I've had a few people email me and tell me they will be watching with interest and commenting during the "Week". If you are one of these very welcome visitors, why not put a comment on this post and let us know who you are and your PR interests. Leave your blog or website address, if you have one, I'm sure many other participants will be interested in having a look. It's a good way of getting better known in the 'PR blogosphere'.
Author: Trevor Cook | Jul 1, 04 | Permalink
| 6 comments
Category: @ Trevor Cook | Announcements
I've been in PR now going on 11 years, mostly technology driven clients. I've always felt hamstrung by clients and especially agency co-workers who felt tied to the traditional ways of doing PR. Even with all of these tools available to us we still talk in the same droning corporate voice using five paragraph long pitch letters or three page long releases.
I've been a long-time practitioner (on the side) of open source technologies and have kept a personal blog for a couple of years. I've been amazed at how it opens up the whole world - people from halfway across the globe find each other and share personal interests, insights and even become friends.
My biggest fear, frankly, is that we as PR pactitioners are just expropriating something authentic and organic. That in a year or two all corporate blogs will look like news releases and pitch letters.
This community seems dedicated enough that with you all as evangalists my fears seem unfounded. But I do think we have to be very careful with our colleagues and clients, we have to monitor then and teach them that open source PR is open source.
That all being said, I'm really looking forward to what you all have to say.
Posted by: David Parmet at July 2, 2004 07:33 AM
I'm fascinated by how blogs can be used in tandem with conventional PR and marketing practices - especially from the point of few of solo professionals. I have been teaching blogging to a bunch of entrepeneurs and I feel like I could use better language in explaining why blogging is different/useful and how it fits into an existing marketing strategy. You're in my RSS reader!

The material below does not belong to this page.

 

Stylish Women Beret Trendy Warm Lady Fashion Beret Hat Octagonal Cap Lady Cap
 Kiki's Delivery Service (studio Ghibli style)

Posted by: Andy Wibbels at July 2, 2004 08:04 PM
David - the exciting thing about the prospect of blogging, wikis and other open source communication technologies is that we might just be able to windback the horrible use of PR to spin rather than reveal. Good PR explains complex things simply and by doing so invites others into a genuine dialogue. But spinners feed off the media's gateway role on public discourse to conspire against free flows of information and ideas. If we can split that conspiracy wide open. Well. Migosh - its almost tooo exciting too think about.
Posted by: Trevor Cook at July 2, 2004 08:23 PM
David - Your fears are indeed well-founded, and I am afraid that we will most certainly see blogs as corporate marketingspeak. However, these blogs will be ignored, as they will offer little of value.

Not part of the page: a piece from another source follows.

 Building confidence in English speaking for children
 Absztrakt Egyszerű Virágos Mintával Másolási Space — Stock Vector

Unfortunately, in the minds of their producers, it will be a self-fulfilling prophecy in a sense. They are unsure about blogs as a tool of dialogue, so they hamstring them by disallowing true dialogue. Then, the blog will fail, "proving" that they aren't a valuable tool.
That is the type of thinking we are trying to overcome here. Openness requires a complete shift from "command and control" to guidance, transparancy and interaction. This is going to take time. I hope that the community that we have been forming here will help our entire profession and the organizations we serve make that shift.
Andy - Most of us blogging here have been evangelizing blogs to people for awhile. You will find many resources on how to talk to people about blogs by visiting each of ours, or heading over to our wiki, where we have posted resources as well. http://www.thenewpr.com/wiki/pmwiki.php/Resources/HomePage
Posted by: Elizabeth Albrycht at July 7, 2004 02:51 AM
I'm incredibly enthused about this event taking place this coming week. We've been evangelizing the shift to online PR and opt-in distribution for years. In fact, PR WEEK awarded us the 2004 PR Innovation of the Year Award in March for our online media room technology. www.onlinemediaroom.com
Anyway, we are entirely open-source, being a LAMP solution for PR agencies and corporate-side communicators...among our clients is ebay. LAMP for those of you that don't know is Linux, Apache, MySql, PHP...an entirely flexible, open source platform for content management of web sites and media rooms. We put the power of the Internet back in the hands of professional business communicators. I'm psyched to participate and listen this week.
Dee
Posted by: Dee Rambeau at July 11, 2004 03:48 AM
Congrats to PRMachine's Rob Heckt for finally stepping out behind his blog. Unlike all the other bloggers (with their pictures on their blogs) and shouting their names throughout the course of the advertising of your event, Hecht has consistently stayed behind the scenes. He ain't no Max Clifford, but the UK likes this guy. For now, that is.